------ SOURCE DATA

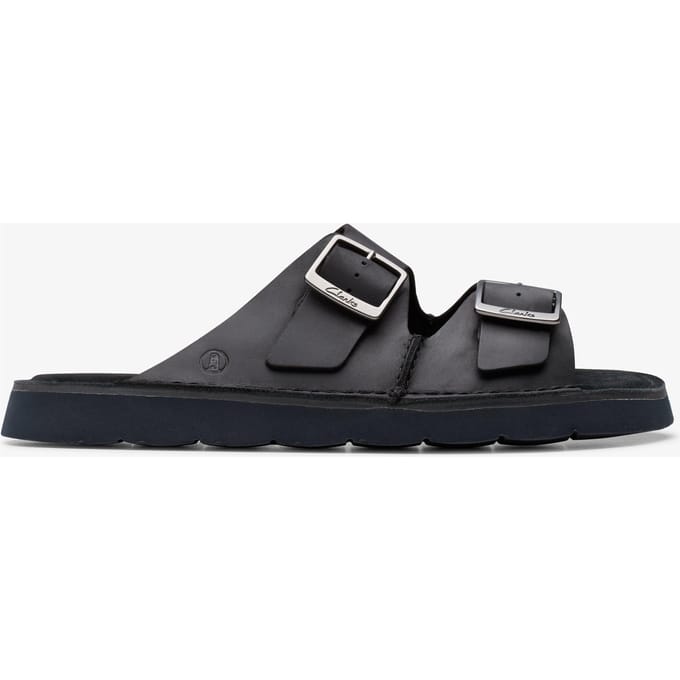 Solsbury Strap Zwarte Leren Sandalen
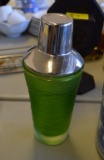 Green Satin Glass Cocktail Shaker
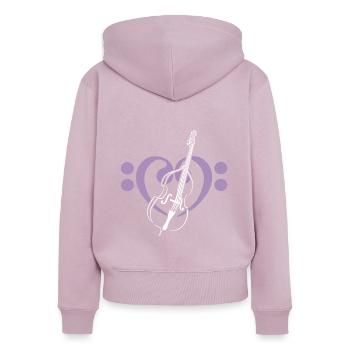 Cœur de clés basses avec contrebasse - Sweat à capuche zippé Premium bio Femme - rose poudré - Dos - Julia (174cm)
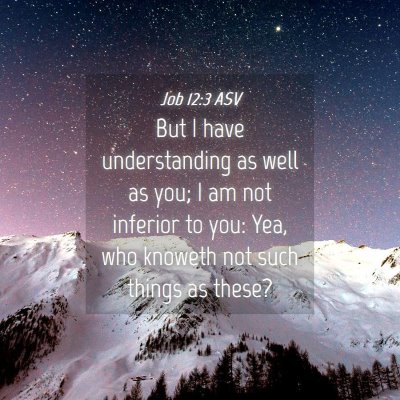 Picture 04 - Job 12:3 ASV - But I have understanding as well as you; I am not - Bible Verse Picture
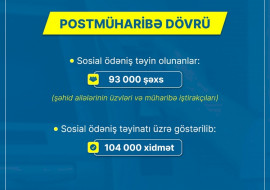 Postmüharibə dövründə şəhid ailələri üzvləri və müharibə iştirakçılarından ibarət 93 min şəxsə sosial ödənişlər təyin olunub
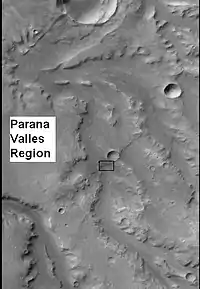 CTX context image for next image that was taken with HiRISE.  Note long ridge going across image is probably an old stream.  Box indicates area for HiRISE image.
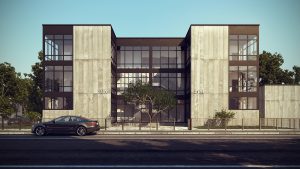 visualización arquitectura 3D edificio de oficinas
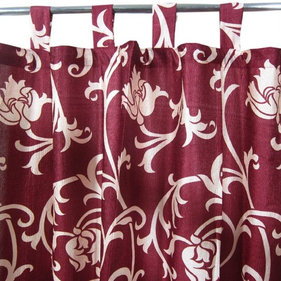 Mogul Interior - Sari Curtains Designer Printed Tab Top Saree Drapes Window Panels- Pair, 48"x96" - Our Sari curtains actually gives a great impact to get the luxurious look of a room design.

------------

- [TASK ITEM]:
Copy out, without any pictures, the lines of the records above from the one containing "Postmüharibə dövründə şəhid" through the final line, both ends included.

- [RESULT FOR THIS EXERCISE]:
 Postmüharibə dövründə şəhid ailələri üzvləri və müharibə iştirakçılarından ibarət 93 min şəxsə sosial ödənişlər təyin olunub
 CTX context image for next image that was taken with HiRISE.  Note long ridge going across image is probably an old stream.  Box indicates area for HiRISE image.
 visualización arquitectura 3D edificio de oficinas
 Mogul Interior - Sari Curtains Designer Printed Tab Top Saree Drapes Window Panels- Pair, 48"x96" - Our Sari curtains actually gives a great impact to get the luxurious look of a room design.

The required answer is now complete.